In a landmark study released by Google on August 22, titled ‘Measuring the Environmental Impact of Delivering AI at Google Scale’, the company outlines a “first-of-its-kind full-stack methodology” to measure the footprint of AI inference. 

Rather than focusing only on the power drawn by chips, the paper accounts for “AI accelerators, CPUs, RAM, idle machines and data centre overheads such as cooling and power distribution.”

The results may surprise even AI’s fiercest critics. According to the paper, the median Gemini text prompt consumes just 0.24 watt-hours of energy, which “represents less energy than watching TV for nine seconds”. Each prompt also produces 0.03 grams of CO₂ equivalent (gCO₂e) and uses 0.26 millilitres of water or “about five drops”.

“These numbers are well below many previous estimates for AI inference,” the Google team wrote, positioning the findings as a counter to rising concerns that chatbots and assistants are quietly driving up global emissions.

Perhaps more striking are the efficiency improvements Google claims to have achieved over the past year. “Median Gemini text prompt energy use has decreased 33-fold and carbon emissions 44-fold, while output quality has been maintained or improved,” the paper states.

The report stresses that these figures apply only to text-based prompts on Gemini Apps. Multimedia tasks, such as generating images or video, remain far more resource-intensive. Nor does the study examine model training, the initial phase that often consumes orders of magnitude more compute and electricity.

Push for Transparency

For Google, the bigger play is setting a precedent for transparency. “We hope this methodology can inform broader industry standards and enable consistent, comparable reporting of AI’s environmental impact,” the authors noted.

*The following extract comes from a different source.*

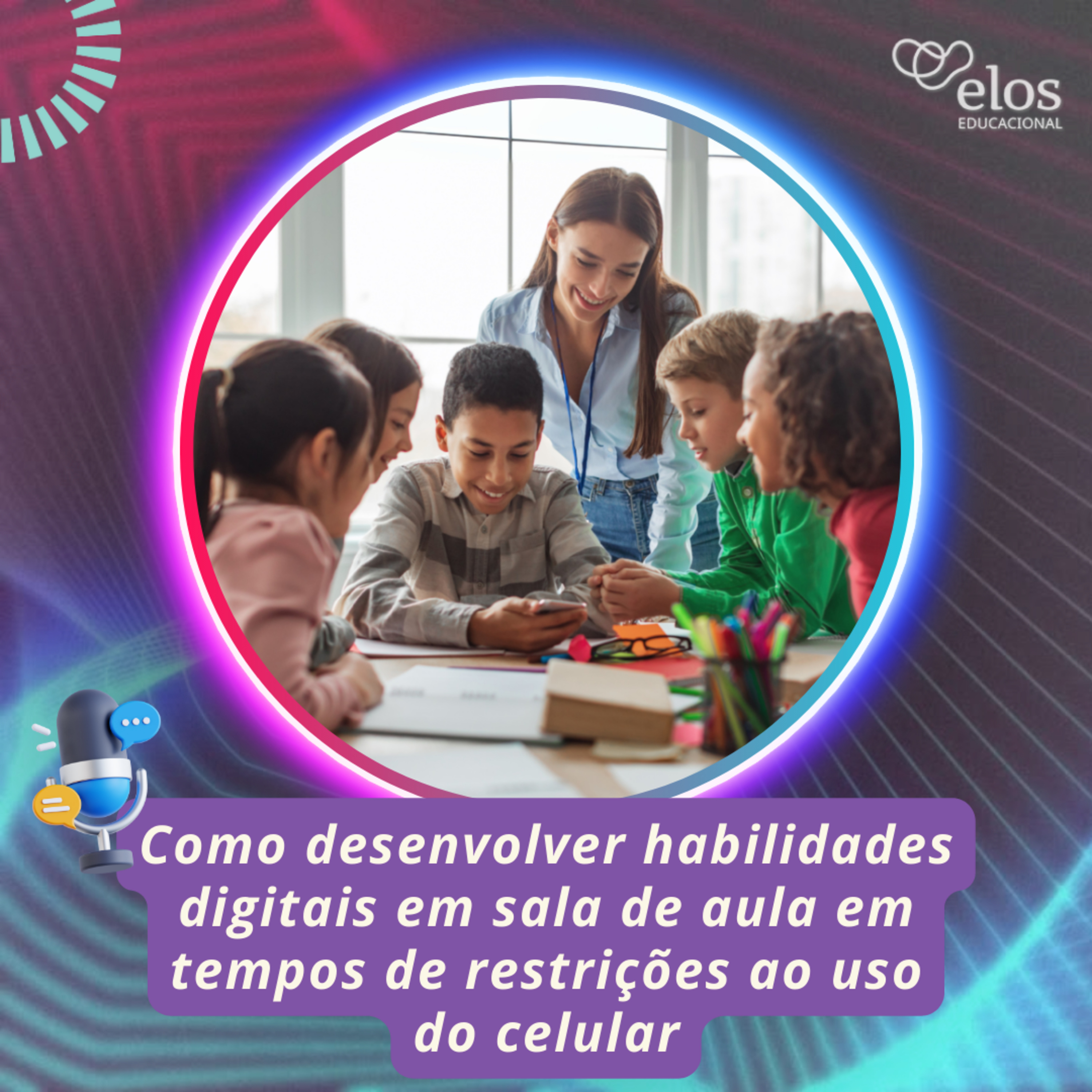Elos Educacional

The company argues that without a uniform framework, AI’s footprint will remain opaque, fuelling speculation and distrust. By publishing details on how it measures energy, water and emissions per query, Google is nudging peers like OpenAI, Anthropic and Meta to follow suit.

Still, not everyone is convinced. As The Verge pointed out, some experts argue that Google’s market-based emissions accounting could underestimate true carbon output compared to location-based methods that reflect regional grid intensity. Others highlight the report’s exclusion of indirect water use and the potential for a ‘Jevons paradox’ effect, even if each query becomes greener, the sheer explosion of AI usage could push overall demand and emissions higher.

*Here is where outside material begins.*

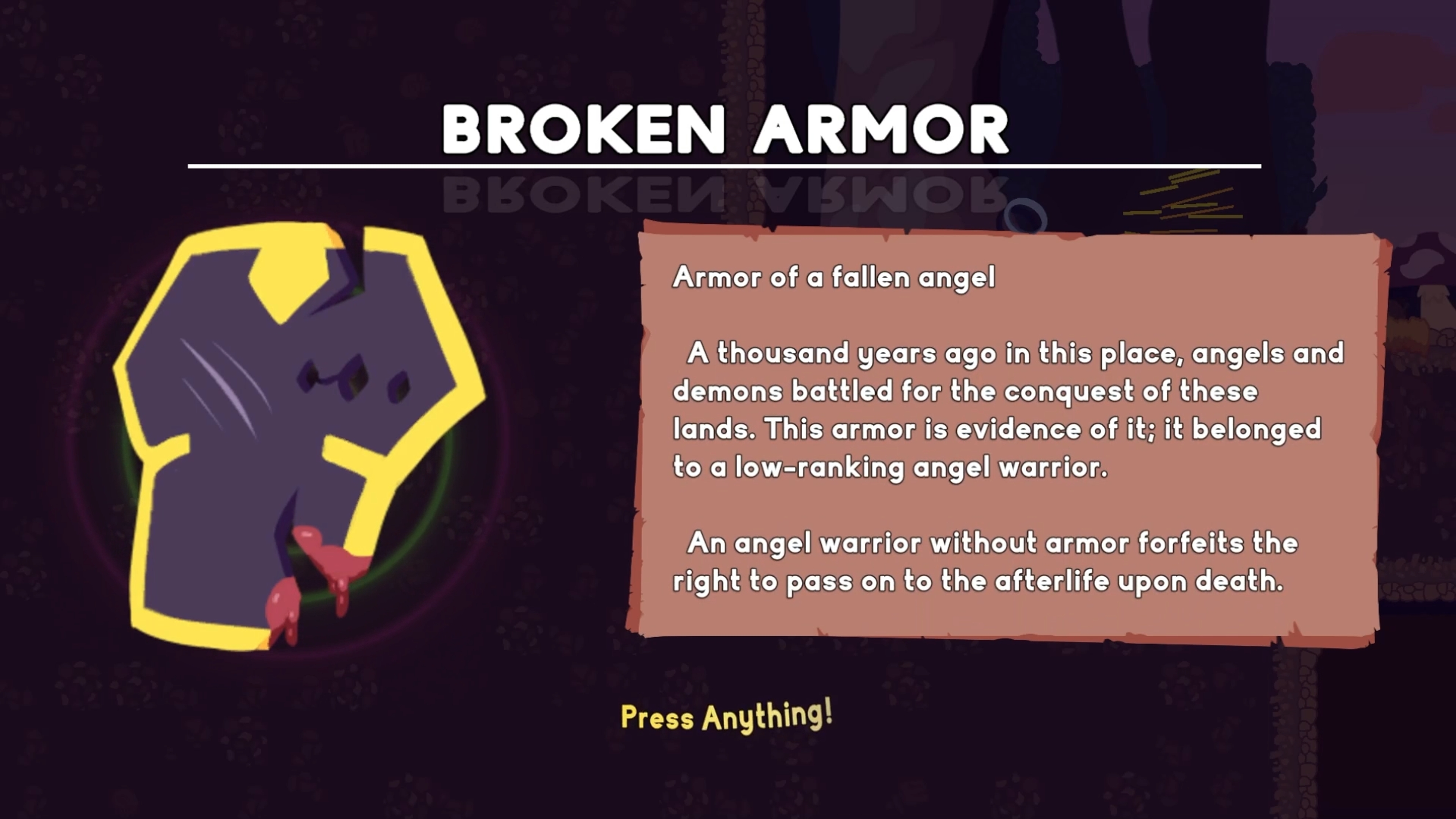 Aureole: Wings of Hope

Axios noted that “efficiency gains at the prompt level may obscure rising overall environmental costs”, particularly as AI moves into search, productivity tools, and consumer devices.

The study lands at a time when policymakers in Europe and the US are pressing tech firms to disclose AI’s hidden costs. By presenting a methodology and relatively small per-prompt footprint, Google is attempting to shape that conversation.

Whether this becomes an industry standard or another corporate benchmark remains to be seen. But for now, Google wants the world to know: asking Gemini a question might be greener than you think.